Continuing the discussion from What's wrong with this code? :
I’ve a doubt, why writing " k+= b; " on different line gives different answer? How is this possible??
{
while (k+b <= n && t[k+b] <= x)
k += b;
}
{
while (k+b <= n && t[k+b] <= x) k += b;
}
ssjgz
October 12, 2021, 11:31am
2
In this case, it doesn’t. Why do you think it does?

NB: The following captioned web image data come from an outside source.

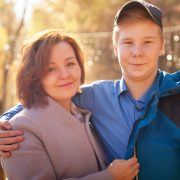 Mother and adult son in autumn park or forest in a sunny day. Happy family walking outdoors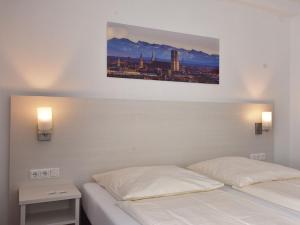Postel nebo postele na pokoji v ubytování Hotel Olympia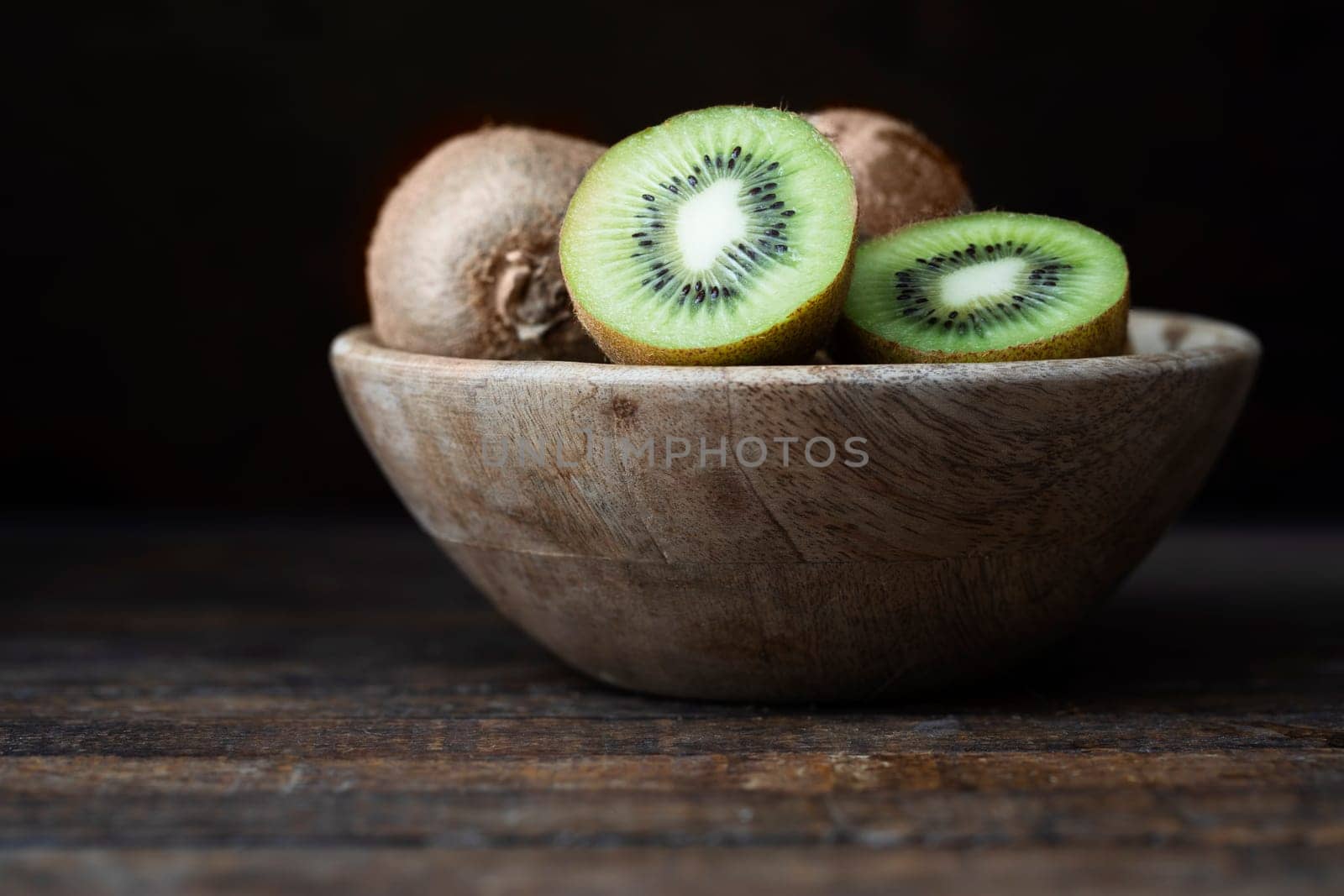 Fresh kiwis in wooden bowl on dark wooden table with dark background.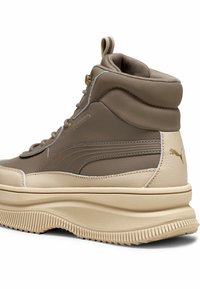 Zapatillas altas marrón y beige con cuero texturizado, suela acanalada y detalles en dorado. Cuenta con un tobillo acolchado y una pestaña en la parte trasera.
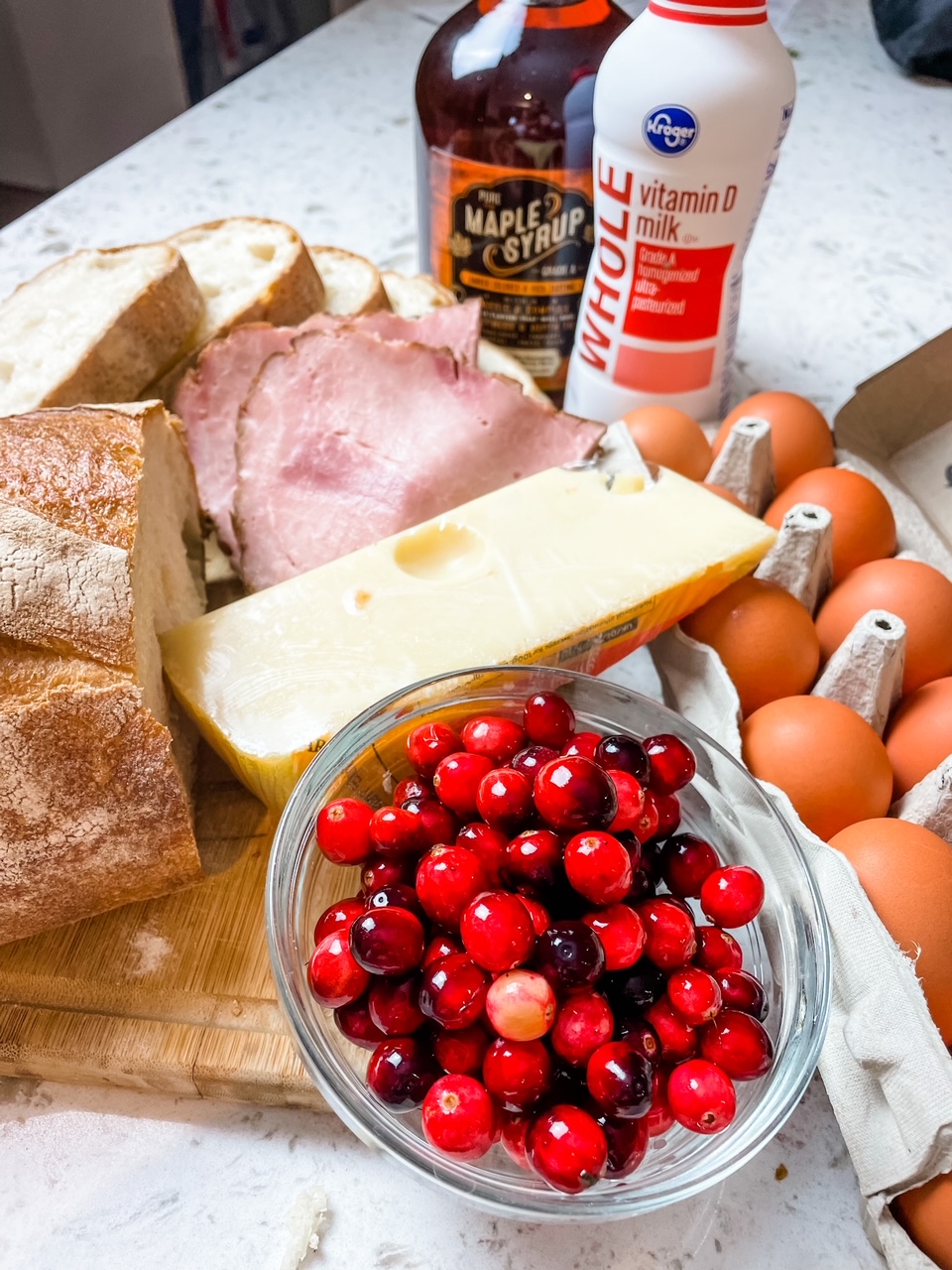 The ingredients - milk, eggs, syrup, bread, cheese, cranberries, and ham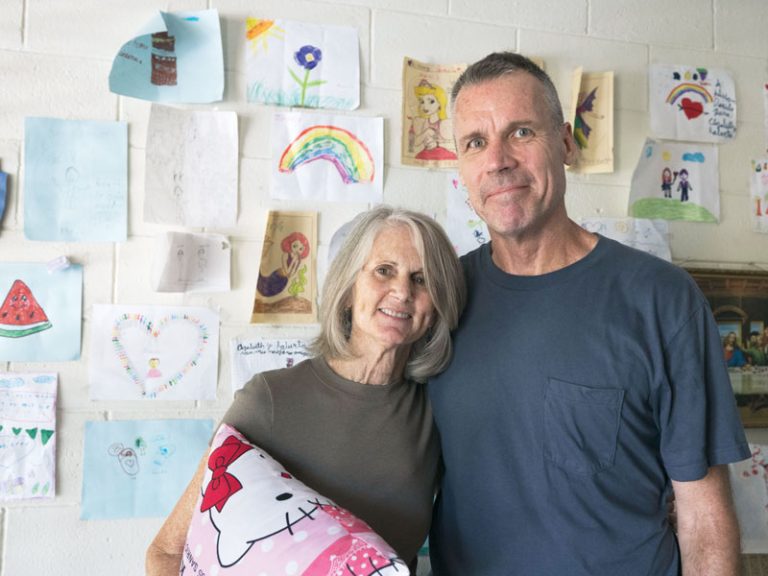 The Cunninghams display artwork made by the children in their full-time ministry at the El Patronato Lidia Coggiola community center in Zaragoza. 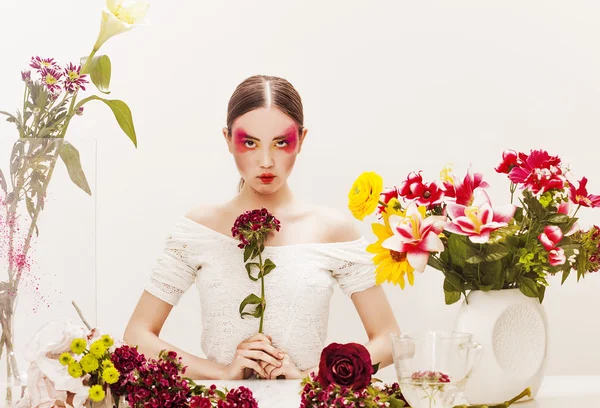 Meisje schoonheid portret zit aan de tafel met kleurrijke bloemen — Stockfoto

I run both the codes with writing k+=b; on two different lines and it gave me different answers. ( on codechef compiler)
ssjgz
October 12, 2021, 11:35am
4
The code here:
Out of bounds access:
[simon@simon-laptop][08:39:47]
[~/devel/hackerrank/otherpeoples]>./compile-latest-cpp.sh
Compiling m_vaidya-blah.cpp
Executing command:
g++ -std=c++17 m_vaidya-blah.cpp -O3 -g3 -Wall -Wextra -Wconversion -DONLINE_JUDGE -D_GLIBCXX_DEBUG -fsanitize=undefined -ftrapv
Successful
[simon@simon-laptop][08:39:50]
[~/devel/hackerrank/otherpeoples]>./a.out
m_vaidya-blah.cpp:12:33: runtime error: index 10 out of bounds for type 'int [10]'
m_vaidya-blah.cpp:12:33: runtime error…
gives an out-of-bounds access irrespective of whether k += b;
is on the same line as the while
or not. Out-of-bounds accesses are Undefined Behaviour, so you might not get the same result each time.